In the wake of mass murders at two New Zealand mosques, a leading organizer of Oregon Muslims is demanding state lawmakers create a plan for dealing with white nationalism and right-wing extremists.
Zakir Khan, the board chair of the Oregon chapter of the Council on American-Islamic Relations, says the Oregon Legislature still has little measurement of how serious a threat white nationalism poses to minority groups here. He says a bill aiming to change Oregon hate crime laws is a start, but needs funding.
"They should hold hearings on what the problem is, and how to counteract it," Khan tells WW. "They have very little information. Far right radicalization is going to last years and we need to hear plans on what they're going to do about it and what they will put resources into."
Khan says Congress should respond with equal urgency. "We need state and local responses to be supplemented by a federal response," he says.
Khan's comments come as the globe grapples with what appears to be the latest mass killing by a white nationalist. The slayings of 49 people at mosques in Christchurch, New Zealand, follow an attack on a Pittsburgh synagogue last year and the murder of black churchgoers in Charleston, S.C. in 2015.
Portland leaders including Mayor Ted Wheeler gathered at a local mosque today for an interfaith prayer service.
Khan, a 33-year old communications instructor at Linn-Benton Community College, emerged as a leading voice of Oregon Muslims after the 2017 double slayings on a Portland MAX train by Jeremy Christian, a gang-affiliated extremist whose semi-coherent rants were directed at Muslims and Jews.

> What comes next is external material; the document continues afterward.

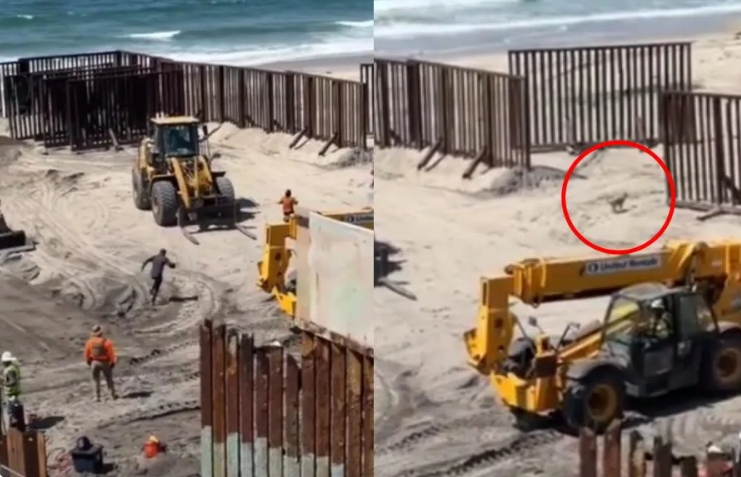 Varios migrantes y un perro cruzan hacia Estados Unidos mientras se realizan trabajos en el muro fronterizo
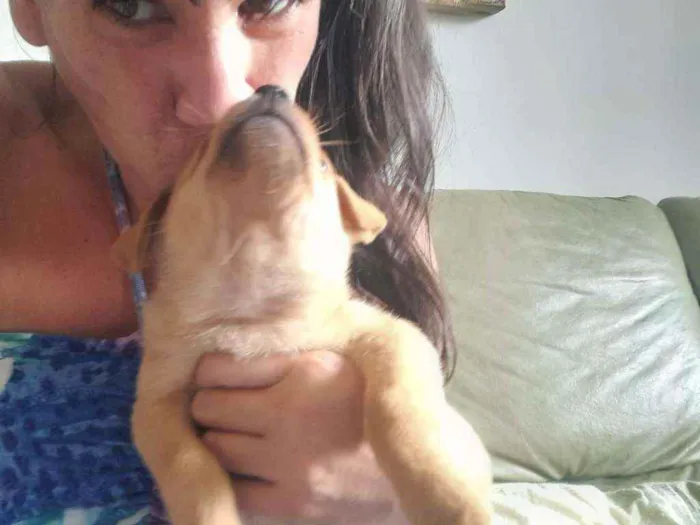 Cachorro raça Srd idade Abaixo de 2 meses nome Olívia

Khan has been particularly vocal about the failure of Portland police and prosecutors to indict right-wing brawlers who gather here for protests and street fights with antifascists.
This morning, Khan issued a statement demanding results from Oregon leaders. "We are not looking for statements from political leadership at this point," he wrote. "We need to see action."
Here's the list Khan offered of practical actions for government and tech companies.
"In order to defeat far-right groups, we believe the following steps are necessary:
Congress must hold a congressional hearing on the impact that far-right groups are having upon marginalized communities both in Oregon and America. We need political leadership to articulate what they are going to do to counteract these groups.
The Oregon Legislature must commit to funding and staffing agencies that support hate crime survivors and counteract white supremacy.
Tech companies must be held accountable for their refusal to remove far-right groups who clearly breach their Terms of Service from their platforms. Companies like GoDaddy who host websites and fundraising pages for far-right extremists do not deserve our money if they think it's acceptable to host these groups. They also do not deserve to escape governmental scrutiny."